A science student is riding on a flatcar of a train traveling along a straight horizontal track at a constant speed of 12.0 m/s. The student throws a ball into the air along a path that he judges to make an initial angle of 60.0° with the horizontal and to be in line with the track. The student's professor, who is standing on the ground nearby, observes the ball to rise vertically. How high does she see the ball rise?

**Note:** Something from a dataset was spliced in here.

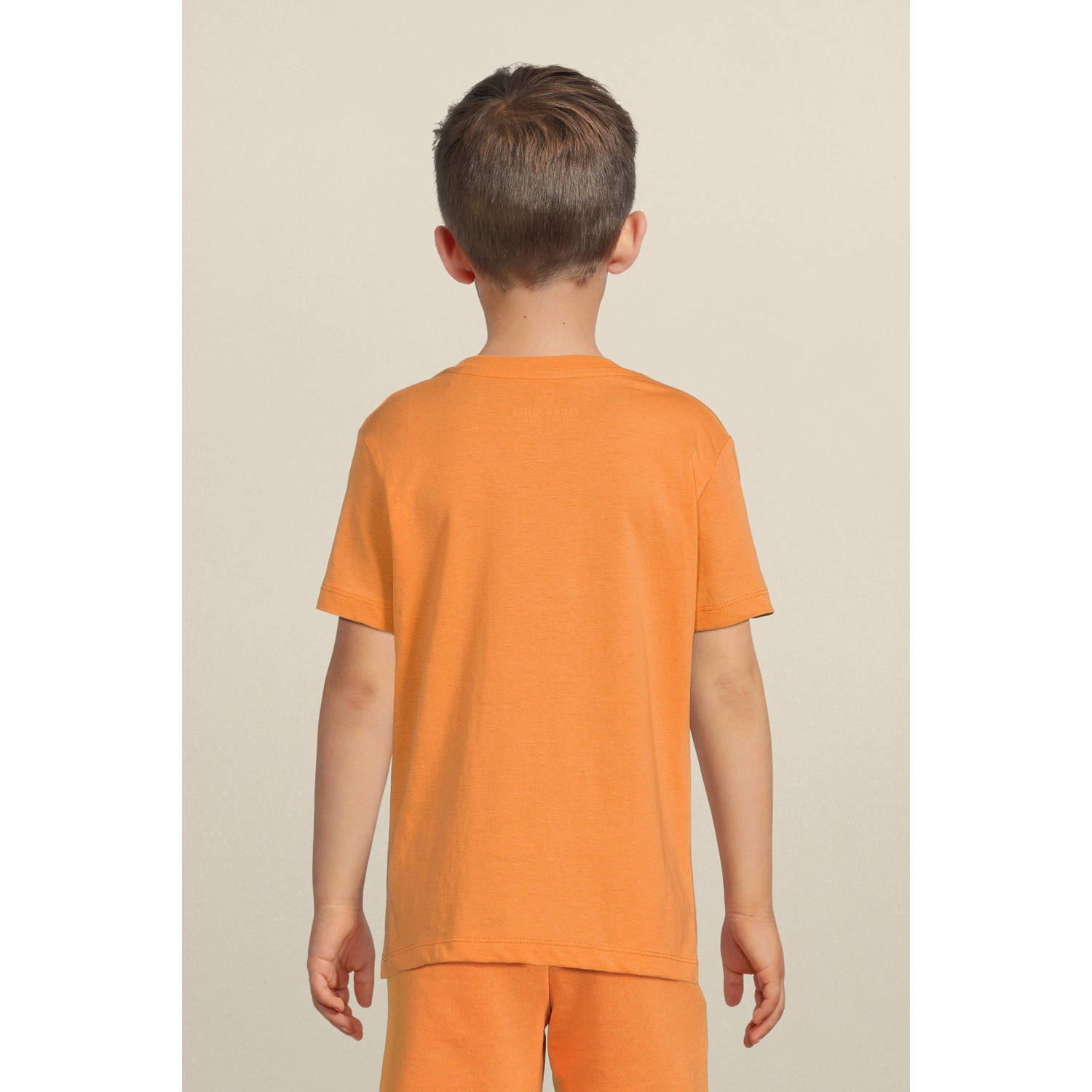 JACK & JONES JUNIOR T-shirt JCOKAPPER met logo lichtoranje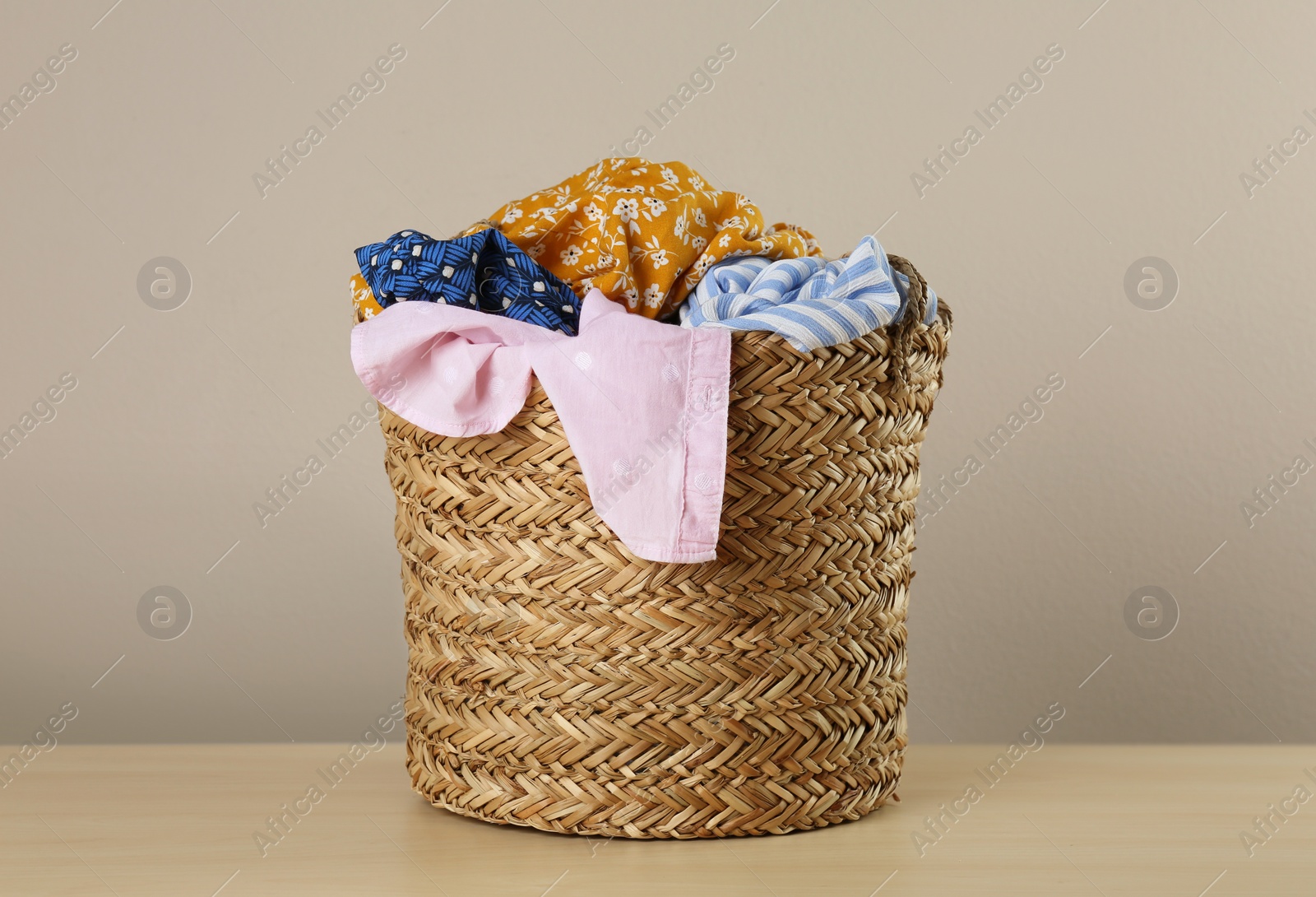 Photo of Wicker laundry basket with different clothes on wooden table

The initial vertical velocity component is the same for both observers:
Vyo = 12.0 sin60 = 10.39 m/s
That is what determines how high it goes, H.
(1/2)M Vyo^2 = M g H
H = Vyo^2/(2g)= 5.51 m
To determine how high the professor sees the ball rise, we need to analyze the vertical motion of the ball. We will use the following kinematic equation to solve for the maximum height reached by the ball:
Δy = (v₀² sin²θ) / (2g)
Where:
Δy = maximum height reached by the ball
v₀ = initial velocity of the ball
θ = angle of projectile motion
g = acceleration due to gravity (approximately 9.8 m/s²)
Given:
v₀ = 12.0 m/s (because the train travels at a constant speed)
θ = 60.0° (because the student throws the ball at an initial angle of 60.0°)
g = 9.8 m/s²
Let's plug in the values into the equation:
Δy = (12.0² sin²60.0°) / (2 * 9.8)
To begin, let's calculate sin²60.0°:
sin²60.0° = (sin60.0°)²
= (0.866)²
= 0.749
Now let's substitute the values into the equation:
Δy = (12.0² * 0.749) / (2 * 9.8)
= 43.056 / 19.6
≈ 2.20 meters
Therefore, the professor sees the ball reach a maximum height of approximately 2.20 meters.